Dataset entries:
•••
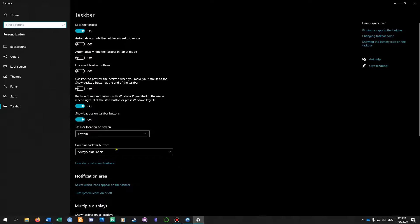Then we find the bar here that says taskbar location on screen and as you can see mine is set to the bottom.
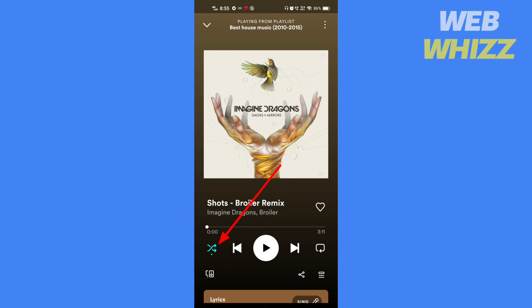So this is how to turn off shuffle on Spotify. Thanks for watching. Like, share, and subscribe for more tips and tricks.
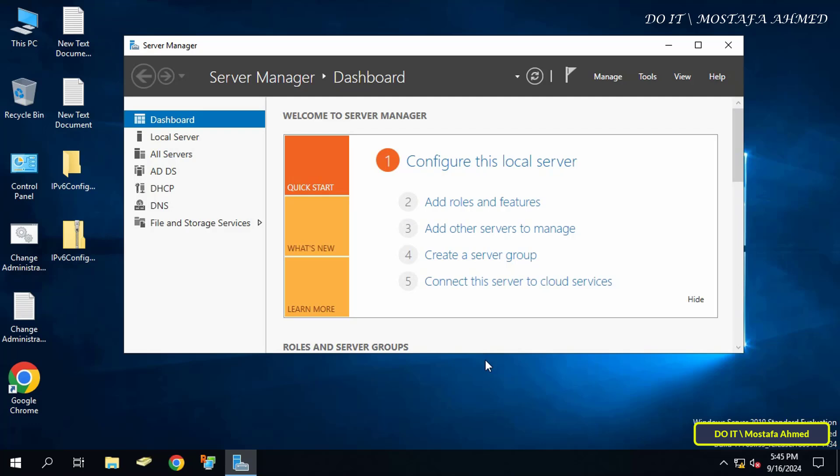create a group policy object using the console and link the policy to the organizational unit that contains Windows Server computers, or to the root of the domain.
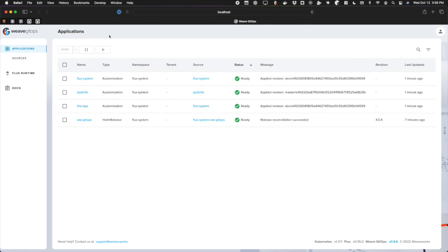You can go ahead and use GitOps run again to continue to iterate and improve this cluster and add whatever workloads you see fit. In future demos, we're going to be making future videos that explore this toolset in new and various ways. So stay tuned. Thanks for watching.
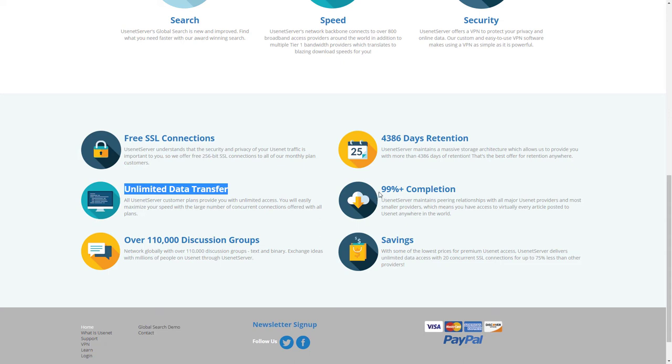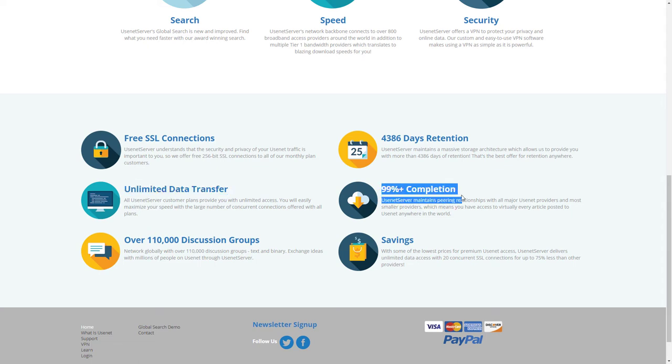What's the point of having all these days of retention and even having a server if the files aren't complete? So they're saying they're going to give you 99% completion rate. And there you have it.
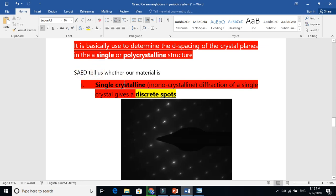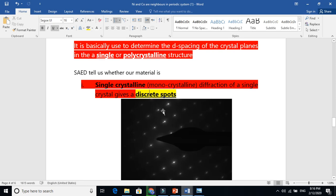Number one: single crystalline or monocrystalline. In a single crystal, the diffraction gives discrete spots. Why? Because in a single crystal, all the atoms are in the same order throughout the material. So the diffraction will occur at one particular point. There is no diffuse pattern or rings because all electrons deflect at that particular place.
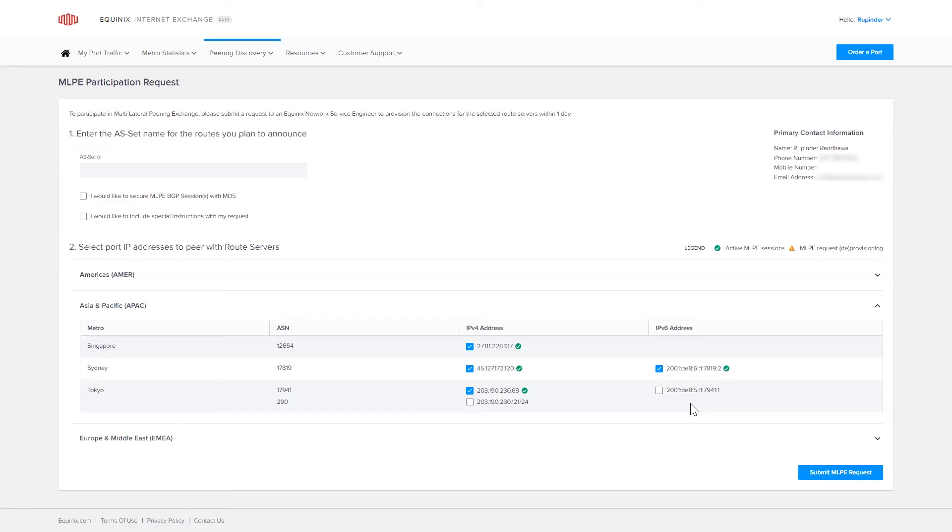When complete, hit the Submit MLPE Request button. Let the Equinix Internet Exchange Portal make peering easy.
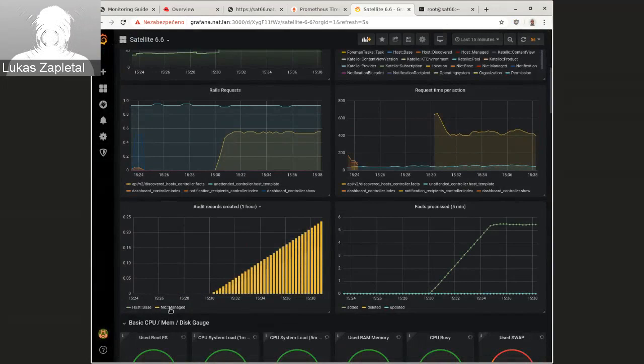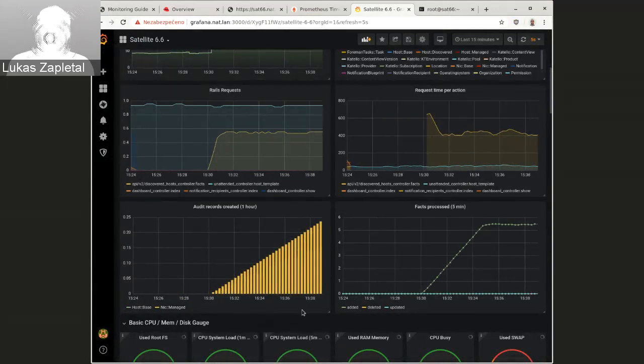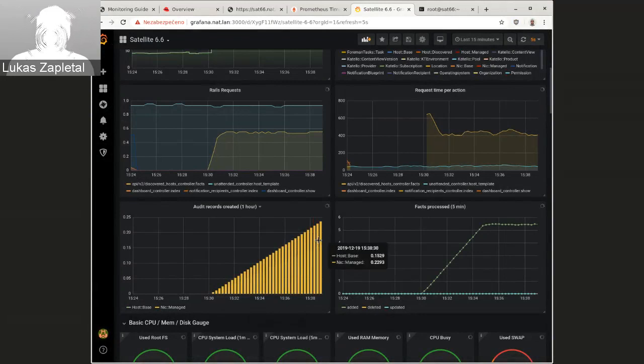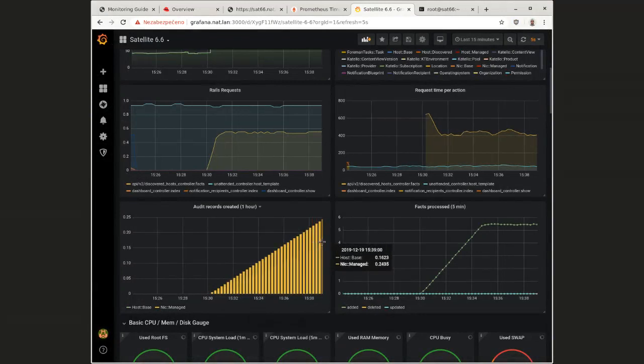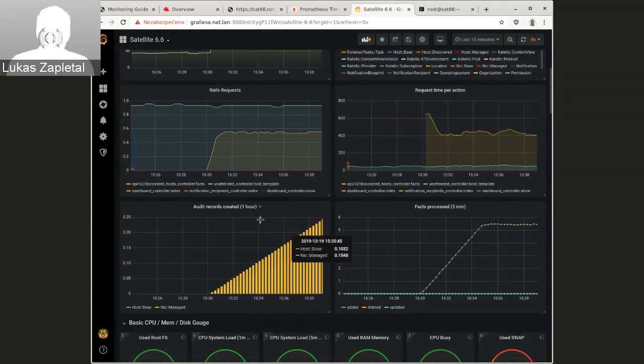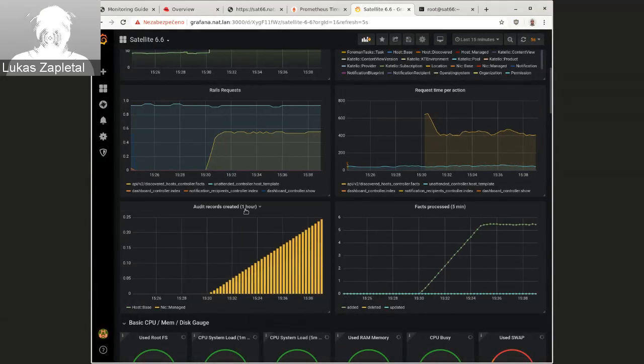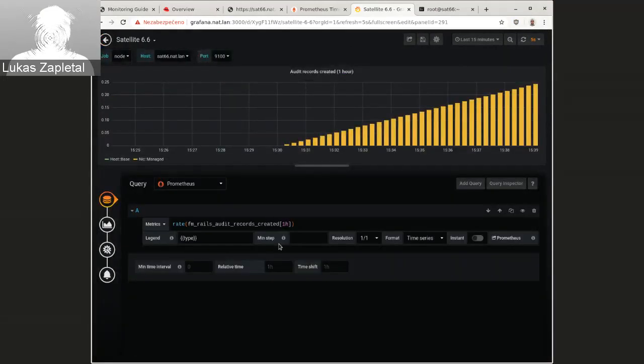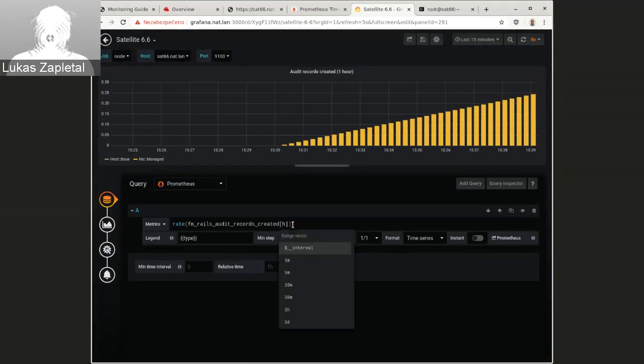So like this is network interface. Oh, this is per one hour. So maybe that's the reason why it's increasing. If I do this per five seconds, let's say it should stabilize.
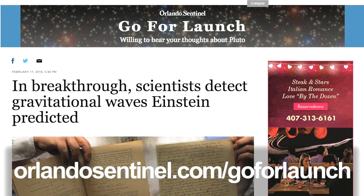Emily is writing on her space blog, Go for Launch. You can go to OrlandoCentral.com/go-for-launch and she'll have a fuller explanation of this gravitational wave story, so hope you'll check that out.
•••
THE TASK: Output exactly the lines from the line with "So like this" to the last line of the records, including both, and leave every picture out.

ANSWER SPACE:
So like this is network interface. Oh, this is per one hour. So maybe that's the reason why it's increasing. If I do this per five seconds, let's say it should stabilize.
Emily is writing on her space blog, Go for Launch. You can go to OrlandoCentral.com/go-for-launch and she'll have a fuller explanation of this gravitational wave story, so hope you'll check that out.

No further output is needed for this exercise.